First, I must admit I find the concept of a minimum wage to be, for a lack of a better word, incomplete (weird? not well-oiled? I couldn’t find the word). While being based by the hour albeit not factoring in the amount of work done, I understand basic existence amounts to a certain etimated value, and you don’t want overhaggling, so a glass floor is made. But a glass floor can break under pressure. But I digress.
Anyways, I was talking to someone about the concept, and we started using analogies using letters in place of concepts: “W cannot pay X a certain amount of Y so in order to pay to live she goes to Z.”
It was one of those no-context moments, so our minds were drawn to a third friend who related to it platonically, this person wasn’t mentally compatible with most social groups, so then criminals (the Z) would come and say “come join us, we have the friends you’re looking for”.
He added, “police consider ‘bad crowds’ a huge problem, but nobody pays the involuntary loners any minimum due, no glass floor provided by the public sector, no nothing, and the wrong people get the upper hand here because they’re there to farm you while you just want someone to value you enough in a way that translates well to you, and our bedroom community becomes a gossip-cursed cesspool because there is no adhesive”. Should point out this isn’t a new thought process, in fact it’s relevant to me occupationally.

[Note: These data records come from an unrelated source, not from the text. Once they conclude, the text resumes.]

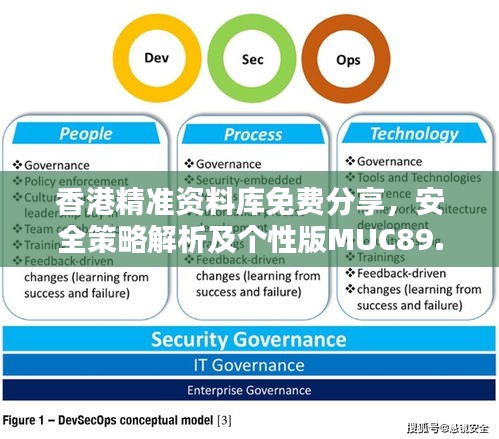 香港精準(zhǔn)資料庫免費(fèi)分享，安全策略解析及個(gè)性版MUC89.16攻略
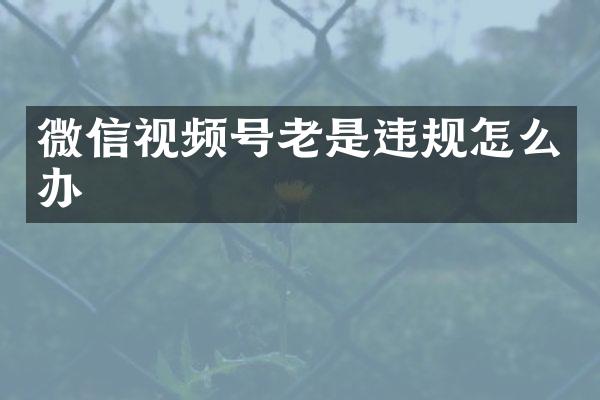 微信视频号老是违规怎么办
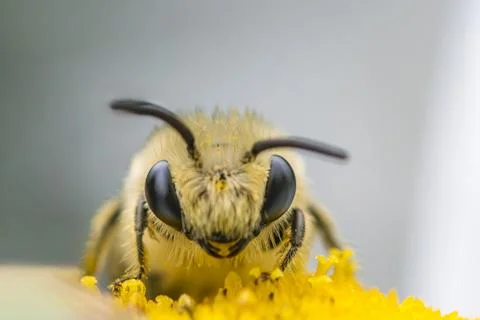 Plasterer Bee Facing Camera on Oxeye Daisy Stock Photos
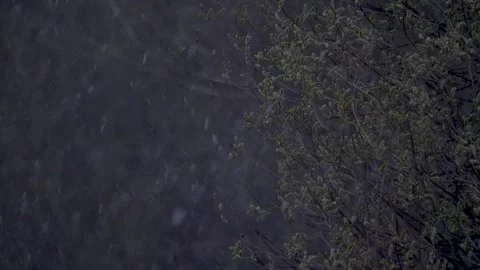 Snowfall and buds on the tree in early spring Stock Footage 283549191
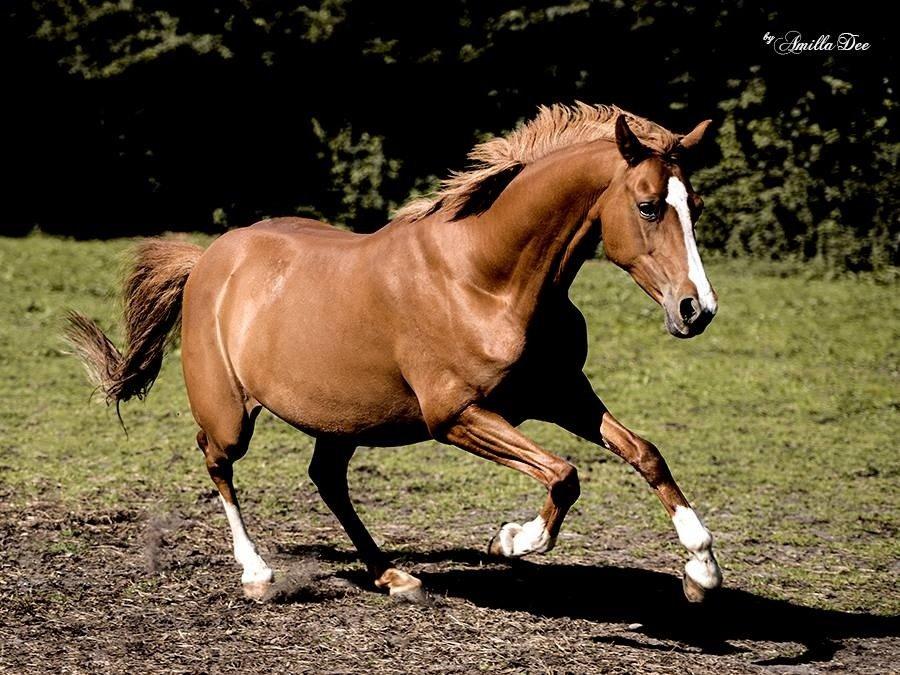 DSP Kimberly´s Rasheeka  billede 3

Promoters of universal basic necessities of Lemmy, why is there a lacking here? Is it not weird we (officially) have it out for one aspect but not the other?
Lack of friendships isn’t a systemic contributor to crime though. Even if it were, trying to prevent crime through legally mandated friendships is as futile as going up to people and saying ‘ok kiddo, don’t do crime now’ because that’s not how people work. Having friends, let alone ones forced upon you, doesn’t mean much when you’re struggling to make ends meet or if you grew up in low income neighborhoods and have few alternatives.
How would you define “systemic” if criminals are demonstrated to use it against the disadvantaged (I’m wondering if you’re visualizing older criminals or younger criminals, of course it’s an age-biased thing) on a cyclic/catch-22 level? That would imply a kind of importance, no?
The article that you linked is about how social isolation is linked to drug use, which is linked to criminal activity.
First, not all criminals are drug users. Second, not all drug users are criminal in nature. Part of the war on drugs that I mentioned is the overly harsh sentencing of ‘criminals’ over possession. Until recently in most parts of the world, possessing marijuana is a grave legal offense and punishable with jail time. Now it has been decriminalized and turned into a hobby in many countries like Canada, Australia, Thailand, Mexico to name a few. The definition of ‘criminals’ relative to drug use is changing.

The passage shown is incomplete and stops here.